Installing the RethinkDB module

Usually, platforms such as Node.js are simple and minimal by design; this is why most of these platforms have some sort of system that allows you to download, install, and manage third-party extension packages called modules. For example, in Python, you have pip or easy install. In Node, you have NPM—the Node Package Manager.

NPM is both a package manager to install and remove modules from the system and a standard to define dependencies on other packages. It also provides a public registry service that contains all the Node.js modules that developers want to publish through NPM.

The RethinkDB module is also hosted on NPM, and we will use Node's package manager to install it.

Before attempting to install the module, you should check to see if NPM is installed on your system. If you have installed Node.js by following the instructions in the previous section of this chapter, you will already have NPM installed on your machine. If, however, you have installed Node.js by compiling the source code, you might not have the package manager installed. If this is the case, you must install it now, and you can do so by following the software's documentation (https://github.com/npm/npm).

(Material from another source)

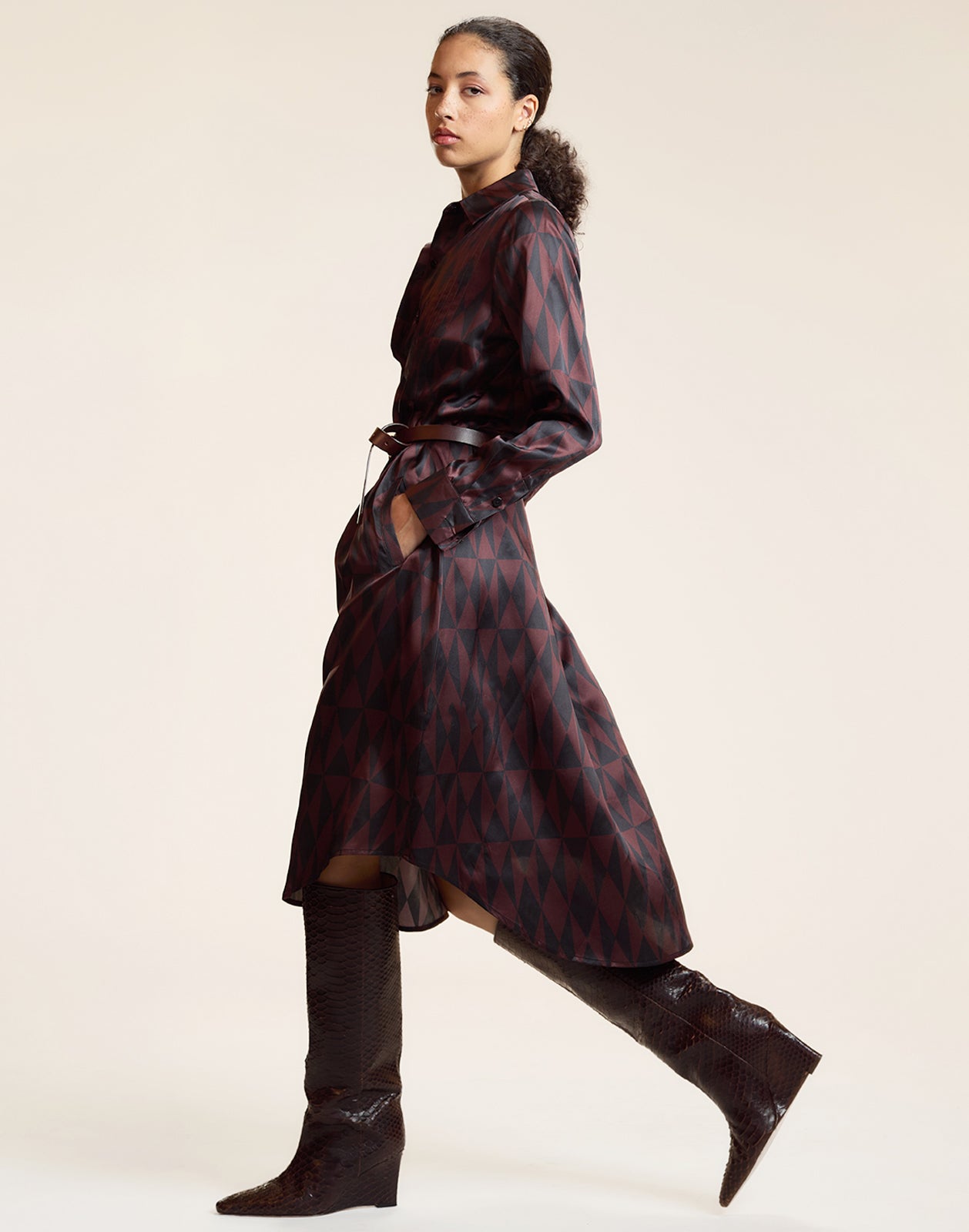 Silk Pintuck Shirt Dress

You can check if you have NPM installed on your system by running the following command:

npm –v

If it is installed, this command will display the version of NPM installed.

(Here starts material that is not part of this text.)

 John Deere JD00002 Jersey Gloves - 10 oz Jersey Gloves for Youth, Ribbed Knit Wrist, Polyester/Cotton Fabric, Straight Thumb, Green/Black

Now that we've verified that Node's package manager is indeed installed, we can finally install RethinkDB's module. To install a module using NPM, you just need to run the npm command followed with the library's name as its parameter.

As you can imagine, RethinkDB's module is called rethinkdb, so we can install it by executing the following command from the terminal:

sudo npm install rethinkdb

This command will download the requested package and its dependencies, and it will install them into the node_modules directory.

It's useful to know that NPM can operate in two modes: global and local. By default, NPM works in a local mode; in this mode, it installs everything inside the current working directory, usually your project's root directory, without touching any system global settings. This is the recommended way of using the package manager as it allows you to choose which modules and versions to install on a per-application basis. If, however, you prefer to install packages globally, you can do so by enabling global mode, by passing the -g parameter when installing a package.

For example, this command will install the RethinkDB module globally:

sudo npm install –g rethinkdb

The exact location where NPM installs global packages depends on your distribution and configuration, although the default location is /usr/local/lib/node_modules.